Mit der Kalkbräu stelle ich nun wieder eine noch recht junge, aus der wahrlich nicht brauereiarmen Stadt Bamberg kommende, Brauerei vor. Gegründet wurde sie im Jahre 2022, als die beiden Freunde Thomas und Benedikt beschlossen ihr Hobby und die daraus resultierenden Bieren mit anderen zu teilen. Vor allem die Coronazeit nutzten die beiden um zu experimentieren und ihre Rezepte zu entwickeln. Durch die positive Resonanz aus dem Freundes- und Bekanntenkreis und ersten Anfragen, wo man denn ihr Bier käuflich erwerben könnte, fühlten die beiden sich motiviert, dass Ganze etwas größer aufzuziehen. So war dann schließlich das Kalkbräu geboren. Der Name hat eigentlichen tiefgründigen Hintergrund und entstammt laut Website eher einem zufälligen Gedankengang unter der Dusche und leitet sich vom traditionell sehr kalkhaltigen Wasser der Stadt Bamberg ab. Aktuell gibt es ein Kellerbier und ein Vollbier und dieses stelle ich heute im Blog vor. Der Alkoholgehalt liegt bei 4,9%.

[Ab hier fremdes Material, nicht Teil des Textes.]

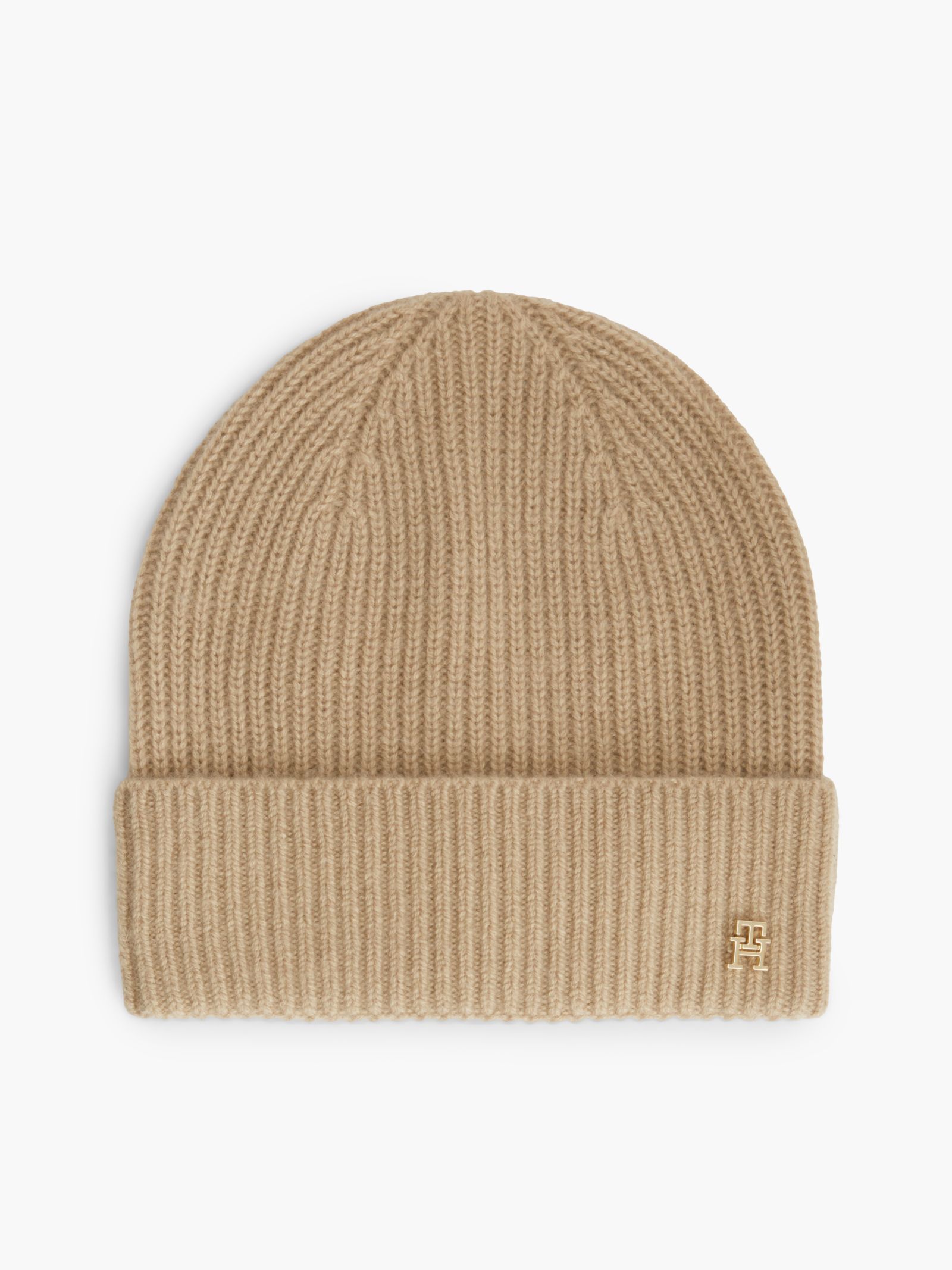 Tommy Hilfiger Beanie van zuivere kasjmier met metalen TH Monogram in beige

Zur Optik: Ein trübes, bernsteinfarbenes Bier. Es hat einen sehr ordentlichen weißen Schaum.
Zum Geruch: Ein getreidiges, aber auch leicht fruchtiges Bier. Es hat auch etwas von Beere und auch leicht Pfirsich mache ich aus.

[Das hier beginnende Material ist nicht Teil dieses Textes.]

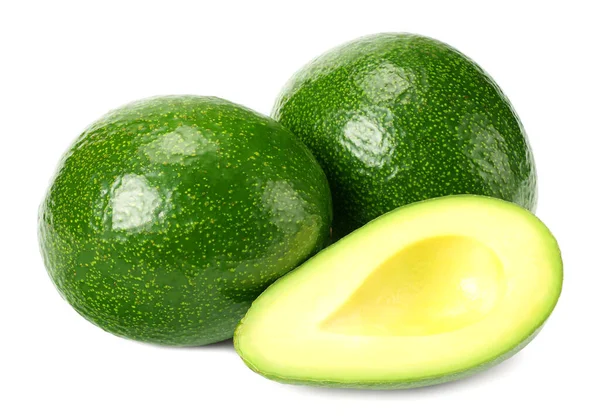 Fresh Avocado Slices Isolated White Background — Stock Photo, Image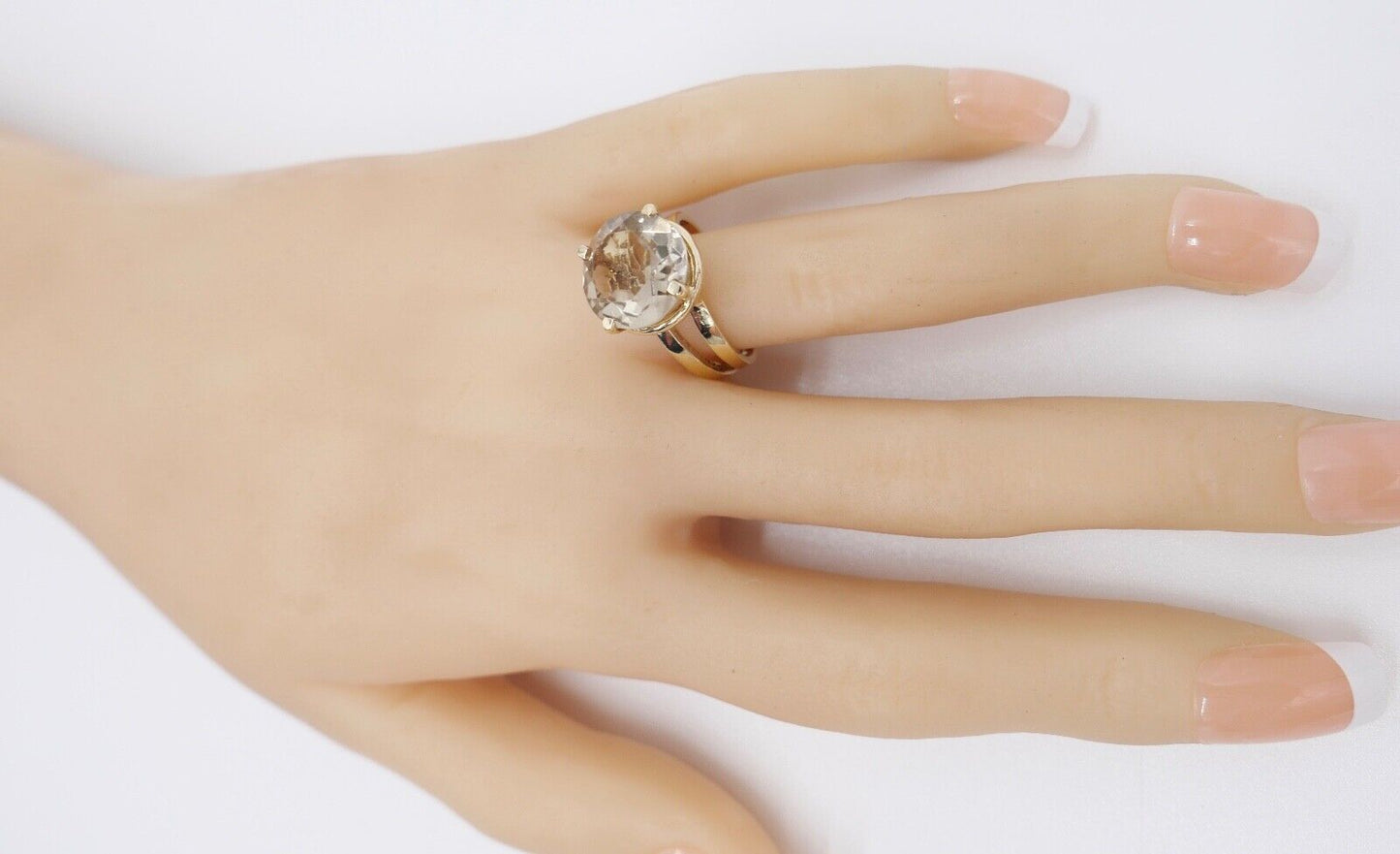 Gelb Gold Damen Ring Gr. 55 mit großem 6,6 Ct Rauchquarz 375 9K - Antikhandel-Stuttgart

Zum Geschmack: Ich habe auch hier im ersten Eindruck ein durchaus fruchtig süßes Bier. Es hat aber auch einen durchaus hopfig würzigen Abgang, der auch leicht harzig ist. Dennoch hat es auch eine leicht beerige Note. Die Kohlensäure ist eher gering und so ist das Bier sehr bekömmlich. Auch im weiteren Trinkverlauf ist es ein Wechselspiel zwischen leichtr fruchtigen Noten und etwas Karamell. Eine leichte Hopfenbittere sorgt für eine angenehme Würze und rundet das Bier ab.
Zum Fazit: Ein wirklich gutes, überraschend fruchtiges Lagerbier. Von mir gibt es 4 Sterne.